**Source records:**
-=-=-
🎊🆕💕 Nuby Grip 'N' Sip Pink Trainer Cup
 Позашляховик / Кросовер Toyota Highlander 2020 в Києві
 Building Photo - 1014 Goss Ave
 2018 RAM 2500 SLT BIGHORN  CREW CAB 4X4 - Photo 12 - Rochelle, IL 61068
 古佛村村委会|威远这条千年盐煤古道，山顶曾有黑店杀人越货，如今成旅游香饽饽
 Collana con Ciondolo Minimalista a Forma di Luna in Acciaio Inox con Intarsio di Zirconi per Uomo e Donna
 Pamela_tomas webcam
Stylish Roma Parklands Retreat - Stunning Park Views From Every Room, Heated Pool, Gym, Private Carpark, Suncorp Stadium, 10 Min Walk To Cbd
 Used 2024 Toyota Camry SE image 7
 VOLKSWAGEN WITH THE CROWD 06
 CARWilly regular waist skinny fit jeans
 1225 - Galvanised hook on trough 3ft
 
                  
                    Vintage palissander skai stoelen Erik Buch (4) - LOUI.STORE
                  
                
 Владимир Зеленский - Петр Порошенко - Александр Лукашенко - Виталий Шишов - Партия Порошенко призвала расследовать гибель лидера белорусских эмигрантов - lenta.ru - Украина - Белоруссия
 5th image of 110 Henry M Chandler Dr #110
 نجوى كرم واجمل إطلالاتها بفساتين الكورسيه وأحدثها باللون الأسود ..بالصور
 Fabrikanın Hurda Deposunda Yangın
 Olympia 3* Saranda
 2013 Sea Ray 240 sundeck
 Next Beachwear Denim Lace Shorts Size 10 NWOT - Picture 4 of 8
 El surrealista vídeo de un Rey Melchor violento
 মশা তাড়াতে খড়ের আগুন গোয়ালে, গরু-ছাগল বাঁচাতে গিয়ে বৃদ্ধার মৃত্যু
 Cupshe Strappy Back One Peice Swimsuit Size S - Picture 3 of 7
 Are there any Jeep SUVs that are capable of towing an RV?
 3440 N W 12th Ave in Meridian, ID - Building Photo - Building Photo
-=-=-
**Task item:** Give the number of lines above that hold the word "Photo", and nothing more.

**Result for this exercise:** 3